* Items listed in a dataset
▶

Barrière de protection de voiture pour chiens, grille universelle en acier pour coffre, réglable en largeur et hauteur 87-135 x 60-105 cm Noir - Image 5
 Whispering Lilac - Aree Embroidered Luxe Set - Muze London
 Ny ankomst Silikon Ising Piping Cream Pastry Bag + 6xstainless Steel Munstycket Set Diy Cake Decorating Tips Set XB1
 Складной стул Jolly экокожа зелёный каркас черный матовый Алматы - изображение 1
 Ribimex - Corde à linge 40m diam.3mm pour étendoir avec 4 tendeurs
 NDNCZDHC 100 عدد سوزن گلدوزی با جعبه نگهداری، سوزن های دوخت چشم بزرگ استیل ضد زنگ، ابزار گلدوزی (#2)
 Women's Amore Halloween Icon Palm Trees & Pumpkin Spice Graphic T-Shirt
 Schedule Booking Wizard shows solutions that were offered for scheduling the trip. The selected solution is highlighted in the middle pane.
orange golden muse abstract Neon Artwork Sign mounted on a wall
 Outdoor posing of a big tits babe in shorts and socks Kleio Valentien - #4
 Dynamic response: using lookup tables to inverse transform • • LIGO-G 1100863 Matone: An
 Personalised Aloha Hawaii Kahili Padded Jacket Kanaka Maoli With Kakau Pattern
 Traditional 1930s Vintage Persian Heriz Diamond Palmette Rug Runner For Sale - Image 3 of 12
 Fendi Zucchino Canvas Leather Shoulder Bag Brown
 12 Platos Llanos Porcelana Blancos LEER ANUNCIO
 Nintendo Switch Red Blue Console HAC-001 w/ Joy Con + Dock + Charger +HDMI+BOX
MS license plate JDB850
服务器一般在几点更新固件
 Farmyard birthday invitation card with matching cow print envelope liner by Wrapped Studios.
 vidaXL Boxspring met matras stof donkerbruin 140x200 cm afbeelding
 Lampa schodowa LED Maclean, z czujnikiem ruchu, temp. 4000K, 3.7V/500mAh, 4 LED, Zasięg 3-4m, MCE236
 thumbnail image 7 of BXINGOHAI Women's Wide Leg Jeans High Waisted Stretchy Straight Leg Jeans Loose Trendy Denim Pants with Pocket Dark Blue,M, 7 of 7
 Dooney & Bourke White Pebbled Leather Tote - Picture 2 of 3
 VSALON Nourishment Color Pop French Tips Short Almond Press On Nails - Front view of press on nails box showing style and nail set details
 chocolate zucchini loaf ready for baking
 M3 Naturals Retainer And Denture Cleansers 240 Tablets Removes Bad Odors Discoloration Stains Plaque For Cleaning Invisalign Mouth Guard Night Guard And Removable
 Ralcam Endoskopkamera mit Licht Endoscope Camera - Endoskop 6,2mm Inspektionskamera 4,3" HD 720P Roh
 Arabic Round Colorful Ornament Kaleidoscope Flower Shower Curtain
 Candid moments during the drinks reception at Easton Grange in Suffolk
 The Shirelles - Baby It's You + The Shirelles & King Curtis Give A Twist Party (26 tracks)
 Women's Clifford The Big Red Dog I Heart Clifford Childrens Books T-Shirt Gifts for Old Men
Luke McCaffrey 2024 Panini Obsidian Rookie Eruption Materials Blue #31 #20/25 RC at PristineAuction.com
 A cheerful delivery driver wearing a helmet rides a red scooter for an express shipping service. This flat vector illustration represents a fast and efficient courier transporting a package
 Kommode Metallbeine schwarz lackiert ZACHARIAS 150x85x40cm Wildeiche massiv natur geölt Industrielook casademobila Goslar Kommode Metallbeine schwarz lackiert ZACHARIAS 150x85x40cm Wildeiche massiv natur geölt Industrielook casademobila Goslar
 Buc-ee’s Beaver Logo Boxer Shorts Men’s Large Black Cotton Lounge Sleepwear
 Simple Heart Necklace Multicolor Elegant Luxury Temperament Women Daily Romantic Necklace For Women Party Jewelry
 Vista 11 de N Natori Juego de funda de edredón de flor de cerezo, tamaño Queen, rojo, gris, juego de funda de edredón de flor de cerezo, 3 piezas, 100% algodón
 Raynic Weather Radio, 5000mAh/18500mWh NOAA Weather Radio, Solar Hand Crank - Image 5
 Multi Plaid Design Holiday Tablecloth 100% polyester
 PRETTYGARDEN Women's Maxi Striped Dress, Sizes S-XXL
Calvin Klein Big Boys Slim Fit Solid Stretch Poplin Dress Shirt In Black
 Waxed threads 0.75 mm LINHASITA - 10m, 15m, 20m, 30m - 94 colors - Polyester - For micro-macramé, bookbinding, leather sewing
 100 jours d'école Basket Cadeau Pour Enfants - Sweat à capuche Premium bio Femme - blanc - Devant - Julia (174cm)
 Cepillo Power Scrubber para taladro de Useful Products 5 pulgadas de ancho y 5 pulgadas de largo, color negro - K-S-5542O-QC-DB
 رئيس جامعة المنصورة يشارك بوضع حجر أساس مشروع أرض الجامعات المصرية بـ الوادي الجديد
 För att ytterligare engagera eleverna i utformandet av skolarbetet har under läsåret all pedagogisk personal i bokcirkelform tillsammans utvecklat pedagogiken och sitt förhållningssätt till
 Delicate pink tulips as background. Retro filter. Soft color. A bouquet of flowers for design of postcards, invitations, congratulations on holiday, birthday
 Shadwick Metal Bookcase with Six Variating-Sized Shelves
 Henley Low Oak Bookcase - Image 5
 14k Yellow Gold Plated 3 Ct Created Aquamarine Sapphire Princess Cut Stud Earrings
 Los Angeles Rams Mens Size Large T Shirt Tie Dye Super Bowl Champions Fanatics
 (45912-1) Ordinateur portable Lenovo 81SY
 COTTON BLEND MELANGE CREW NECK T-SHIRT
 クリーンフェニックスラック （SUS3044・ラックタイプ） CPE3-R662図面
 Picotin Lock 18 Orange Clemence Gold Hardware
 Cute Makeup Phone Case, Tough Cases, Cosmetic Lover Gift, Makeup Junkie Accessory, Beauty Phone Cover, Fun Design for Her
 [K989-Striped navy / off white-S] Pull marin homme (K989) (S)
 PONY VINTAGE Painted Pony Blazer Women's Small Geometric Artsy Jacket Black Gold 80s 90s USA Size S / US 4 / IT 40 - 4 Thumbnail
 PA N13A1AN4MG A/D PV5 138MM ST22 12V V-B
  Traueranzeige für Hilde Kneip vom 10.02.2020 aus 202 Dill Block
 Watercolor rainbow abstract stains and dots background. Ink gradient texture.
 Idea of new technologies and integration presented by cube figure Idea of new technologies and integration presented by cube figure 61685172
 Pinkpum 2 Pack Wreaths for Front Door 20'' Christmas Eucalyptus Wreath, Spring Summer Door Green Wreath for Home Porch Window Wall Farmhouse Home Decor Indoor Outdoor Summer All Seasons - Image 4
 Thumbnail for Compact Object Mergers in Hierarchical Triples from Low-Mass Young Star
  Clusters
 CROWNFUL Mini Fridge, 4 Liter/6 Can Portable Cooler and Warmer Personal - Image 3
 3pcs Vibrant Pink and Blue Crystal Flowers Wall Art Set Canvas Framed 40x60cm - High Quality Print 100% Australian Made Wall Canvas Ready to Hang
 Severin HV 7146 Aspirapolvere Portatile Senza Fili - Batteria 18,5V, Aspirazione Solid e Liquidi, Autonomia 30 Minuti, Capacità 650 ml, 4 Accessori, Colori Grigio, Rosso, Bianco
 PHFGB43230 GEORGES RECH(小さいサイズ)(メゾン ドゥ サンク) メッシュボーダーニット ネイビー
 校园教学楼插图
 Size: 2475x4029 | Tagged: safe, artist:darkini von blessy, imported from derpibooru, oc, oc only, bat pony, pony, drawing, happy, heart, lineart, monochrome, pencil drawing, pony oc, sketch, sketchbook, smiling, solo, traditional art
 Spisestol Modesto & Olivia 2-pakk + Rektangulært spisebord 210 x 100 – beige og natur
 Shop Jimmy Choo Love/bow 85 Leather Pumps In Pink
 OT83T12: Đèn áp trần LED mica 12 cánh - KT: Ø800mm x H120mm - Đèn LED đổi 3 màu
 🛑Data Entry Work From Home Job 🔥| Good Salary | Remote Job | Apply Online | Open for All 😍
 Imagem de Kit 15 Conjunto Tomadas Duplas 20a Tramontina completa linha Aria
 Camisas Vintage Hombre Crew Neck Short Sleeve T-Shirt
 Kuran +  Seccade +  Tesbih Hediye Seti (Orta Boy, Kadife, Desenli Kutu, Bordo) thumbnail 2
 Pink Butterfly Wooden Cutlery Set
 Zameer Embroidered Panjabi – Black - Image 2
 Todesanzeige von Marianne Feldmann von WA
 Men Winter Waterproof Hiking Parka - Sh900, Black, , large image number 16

◀

* Aim of the task
Could you report how many lines of the entries include the word "Black"? Only the number is needed.

* Response to this task
5